Book by Alan Boublil and Claude-Michel Schönberg, based on the novel by Victor Hugo, music by Claude-Michel Schönberg, lyrics by Herbert Kretzmer
In theatrical terms, Les Misérables is a venerable institution. Any musical that survives for 35 years and is constantly revived around the world has that special something.
Although the show has long been a bestseller and could have continued very successfully exactly as it was, current director Laurence Connor has spruced it up for the 21st century. In part, that results from a desire to refurbish the Queen’s Theatre and rename it after Stephen Sondheim.
Many of the ingredients that addicts drool over remain exactly the same. However, some of the refinements enhance the already sublime experience.
Back in 1985, when the RSC launched an unlikely musical based on Victor Hugo’s epic novel, theatre technology was in its infancy. Today, still with its original commercial producer Cameron Mackintosh, shows can have even greater impact.
New computer images designed by Fifty-Nine Projections and Finn Ross give the production something of the impact of a big budget movie at times, especially when the leading players descend into the sewers under Paris. These also ensure that the painterly aspects are better than ever, bringing to mind the work of Géricault, Delacroix and their peers.
In the battle scenes, surround sound comes into its own, making the experience quite unsettling as bullets ping around behind viewers’ backs.
It is a personal view but the use of microphones and amplification in theatres is still not quite perfected. Particularly in louder moments, the singing and orchestral playing can sound artificial, while occasionally, as happened with one performer, a beautiful but far from powerful voice can struggle to be heard or, more precisely, understood over the music.
Victor Hugo’s novel was a work of genius and the abilities of Alan Boublil and Claude-Michel Schönberg to adapt it for the stage without introducing too much melodrama cannot be understated.
The early scenes introduce Jon Robyns, who is a worthy Jean Valjean with a powerful voice and great stage presence. In keeping with the novel’s moral ambiguity, this petty criminal who spent 19 years incarcerated seems wholly bad until liberated by the generosity of a kindly Bishop.
For the remainder of a running time that stretches to just under three hours, he finds himself in constant conflict with Bradley Jaden’s Javert, a man of the law who embodies a vicious, evil streak.
Most of the other important plot twists focus on downtrodden women. Valjean, having become an upstanding citizen as the local mayor, seeks to help out Fantine, portrayed by Carrie Hope Fletcher.

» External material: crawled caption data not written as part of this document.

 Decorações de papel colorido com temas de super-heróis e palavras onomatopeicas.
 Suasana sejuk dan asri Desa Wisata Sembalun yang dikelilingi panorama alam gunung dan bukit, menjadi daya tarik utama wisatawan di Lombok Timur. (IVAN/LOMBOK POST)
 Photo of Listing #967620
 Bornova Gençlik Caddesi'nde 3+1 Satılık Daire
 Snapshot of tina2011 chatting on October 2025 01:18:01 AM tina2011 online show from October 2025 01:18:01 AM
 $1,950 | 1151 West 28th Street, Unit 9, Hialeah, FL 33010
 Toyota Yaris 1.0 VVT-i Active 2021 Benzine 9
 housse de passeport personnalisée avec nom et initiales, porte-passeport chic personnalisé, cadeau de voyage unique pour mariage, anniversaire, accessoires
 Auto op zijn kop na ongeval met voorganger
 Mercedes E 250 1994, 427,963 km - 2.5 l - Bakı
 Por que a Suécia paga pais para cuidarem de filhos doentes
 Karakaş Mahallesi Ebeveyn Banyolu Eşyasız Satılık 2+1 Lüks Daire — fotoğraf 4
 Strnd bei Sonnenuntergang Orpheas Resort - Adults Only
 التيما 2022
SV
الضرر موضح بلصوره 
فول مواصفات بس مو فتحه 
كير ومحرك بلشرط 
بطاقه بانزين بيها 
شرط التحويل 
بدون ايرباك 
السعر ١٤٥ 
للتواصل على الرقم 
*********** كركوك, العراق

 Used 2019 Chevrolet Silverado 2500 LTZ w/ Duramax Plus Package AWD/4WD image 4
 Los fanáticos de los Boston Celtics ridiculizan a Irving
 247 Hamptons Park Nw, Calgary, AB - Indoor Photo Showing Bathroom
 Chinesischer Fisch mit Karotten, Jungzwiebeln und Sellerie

As a result, he effectively adopts Lily Kerhoas as Cosette, who in the fullness of time introduces in Harry Apps playing handsome Marius, and he in turn is pursued by noble Eponine, Shan Ako.
A mid-19th-century story that also embodies revolution is never less than gripping. It is supported by music that veers between loving and martial, almost always hitting exactly the right note, which is the mark of the very best musicals. Everyone will have their favourites but these must surely include “I Dreamed a Dream”, “On My Own”, “Look Down”, featuring the delightful little Gavroche, and “Empty Chairs at Empty Tables”.
All this sounds very dark but there are also moments of comedy, almost all generated by the glorious duo of Ian Hughes and Josefine Gabrielle depicting the dreadful publicans, the Thénardiers. Tribute must particularly be paid to Hughes, who took on the role late in the day and steals every scene in which he appears, never more so than when leading the troupe in “Master of the House”.
Les Misérables is one of the best musicals of all time and this new version will undoubtedly run for years. Who knows, there has to be a fair chance that it will still be playing at the Sondheim to celebrate its 50th birthday.